L'Angola est au contraire quasi totalement dépendant du pétrole, considéré comme une rente presque patrimoniale par le clan au pouvoir depuis 37 ans. Celui-ci a laissé le pays s'enfoncer dans la récession économique sans réaction appropriée.
Le Nigeria a une situation intermédiaire : il est le premier producteur pétrolier d'Afrique subsaharienne, mais sa puissance s'appuie aussi sur sa population, une diversification économique bien engagée et le dynamisme de ses entreprises. Il connaît pourtant d'importantes difficultés sécuritaires, une corruption endémique et une chute de sa monnaie qui réduit ses réserves en devises et freine des importations prioritaires. Comme on le voit, ces trois pays n'ont pas profité de situations antérieures privilégiées pour préparer des futurs plus moroses. Ils ont été en quelque sorte des « pays cigales ». Ils ont maintenant fortement besoin d'autorités fortes, crédibles et visionnaires, capables de mener rapidement à bien les profondes transformations structurelles nécessaires. Celles-ci devront viser une meilleure gouvernance, des diversifications sectorielles, une meilleure gestion des finances publiques, la création maximale d'emplois et une croissance plus inclusive.

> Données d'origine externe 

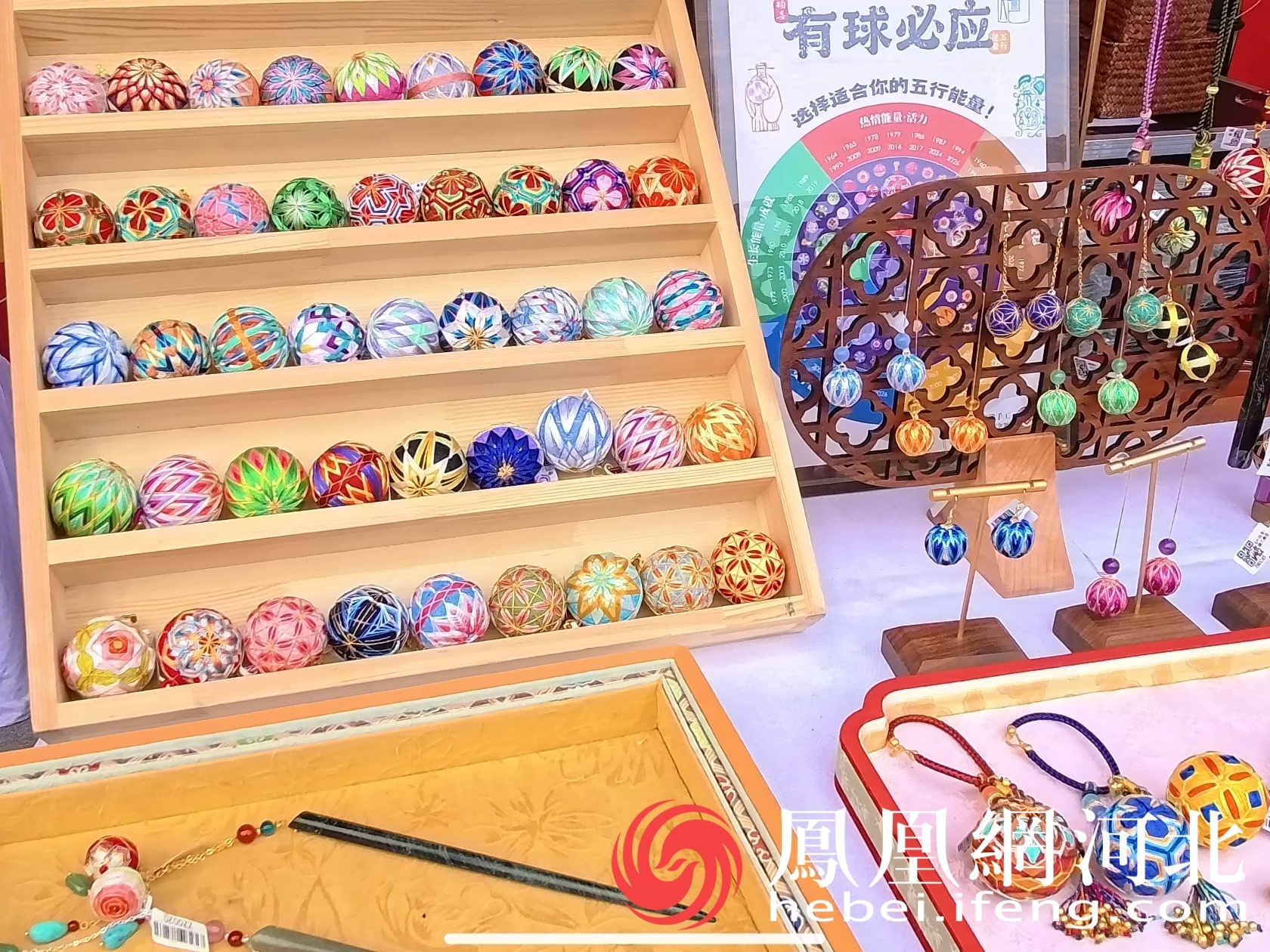 丰富多彩的参展产品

Quels sont les zones, les pays partis pour mieux s'en sortir en 2017 ?
L'UEMOA est actuellement la région subsaharienne avec le meilleur taux de croissance. La zone est en particulier entraînée par la Côte d'Ivoire qui a repris son rôle ancien de locomotive de l'Union. La stratégie des autorités y est claire et pertinente. Des investissements publics massifs ont d'abord amélioré des infrastructures essentielles et se poursuivent. Des investissements privés prennent maintenant le relais dans deux principales directions : l'industrie agroalimentaire en vue d'une transformation sur place des productions agricoles auparavant exportées ; le commerce et les services tournés vers la satisfaction de classes moyennes en expansion. Quelques autres pays, comme le Maroc, l'Éthiopie ou le Rwanda, paraissent avoir aussi des stratégies capables de transformer leur économie et leur société. Leur défi sera double : réussir à compléter les premières mesures favorables pour toucher peu à peu tous les aspects de la vie économique et sociale ; faire durer ces tendances positives sur une période suffisamment longue pour que les changements soient irréversibles. Il y aura sans doute peu d'élus dans cette course d'obstacles.